The central bank’s Prudential Regulation Authority said the fine related to failings made at the bank between March 2018 and May 2019.

Henry Saker-Clark
Monday 20 December 2021 09:05
The group was handed a £46.5 million fine by the Bank of England (Yui Mok/PA)
The group was handed a £46.5 million fine by the Bank of England (Yui Mok/PA)

The Bank of England has fined banking giant Standard Chartered £46.55 million for misreporting its liquidity position and controls failures.

The central bank’s Prudential Regulation Authority (PRA) watchdog said the fine related to failings made at the bank between March 2018 and May 2019.

It said Standard Chartered made five regulatory reporting errors over the period, during which the PRA had imposed a temporary extra liquidity requirement of the bank due to outflows of dollars in the previous year.

The PRA said the bank had only told it about one of the mistakes following an internal four-month review process.

Sam Woods deputy governor for prudential regulation at the Bank of England and chief executive officer of the PRA, said: “We expect firms to notify us promptly of any material issues with their regulatory reporting, which Standard Chartered failed to do in this case.

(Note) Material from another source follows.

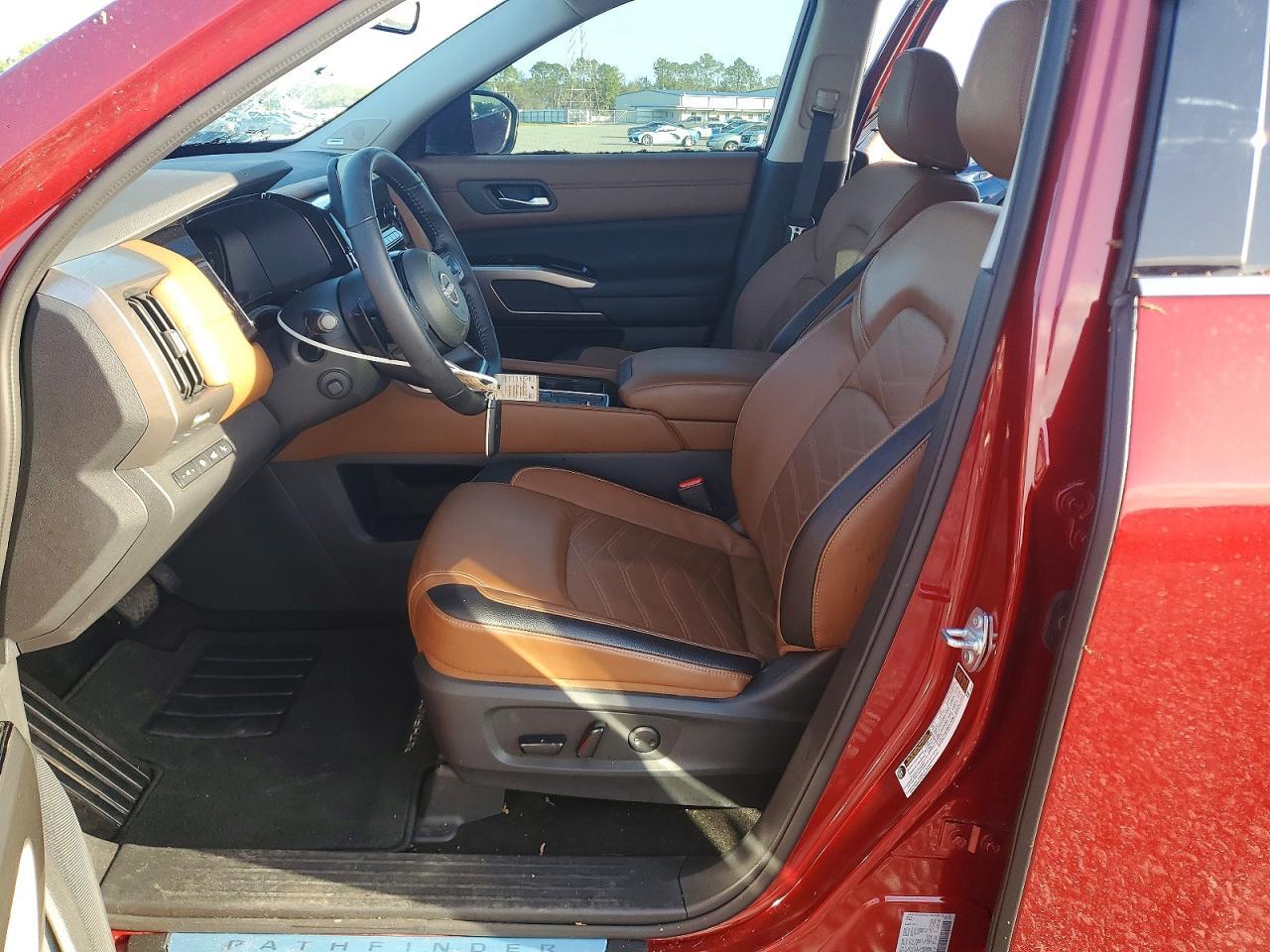 2025 Nissan Pathfinder Platinum - Фото 7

“Standard Chartered’s systems, controls and oversight fell significantly below the standards we expect of a systemically important bank, and this is reflected in the size of the fine in this case.”

The PRA added that its investigation found that Standard Chartered also failed to implement a documented policy setting out when liquidity errors should be notified to the regulator.

It also found the bank failed to maintain and operate adequate controls testing and checks over liquidity.

The bank did not ensure it has appropriate human resources to investigate potential misreporting, the PRA added.

Standard Chartered saw its potential punishment reduced by 30% from £66.5 million after agreeing to resolve the matter.

A spokesman for Standard Chartered said it “accepts the findings” of the PRA related to liquidity reporting errors it said it “self-identified and self-corrected in 2018 and 2019”.

“These errors did not affect Standard Chartered’s overall liquidity position, which remained in surplus throughout the period,” it added.

“Standard Chartered has cooperated proactively and fully with the PRA’s investigation and has made significant improvements to and substantial investment in its liquidity and regulatory reporting processes and controls and remains committed to accurate regulatory reporting.”

Shares in the company were 1.5% lower in early trading.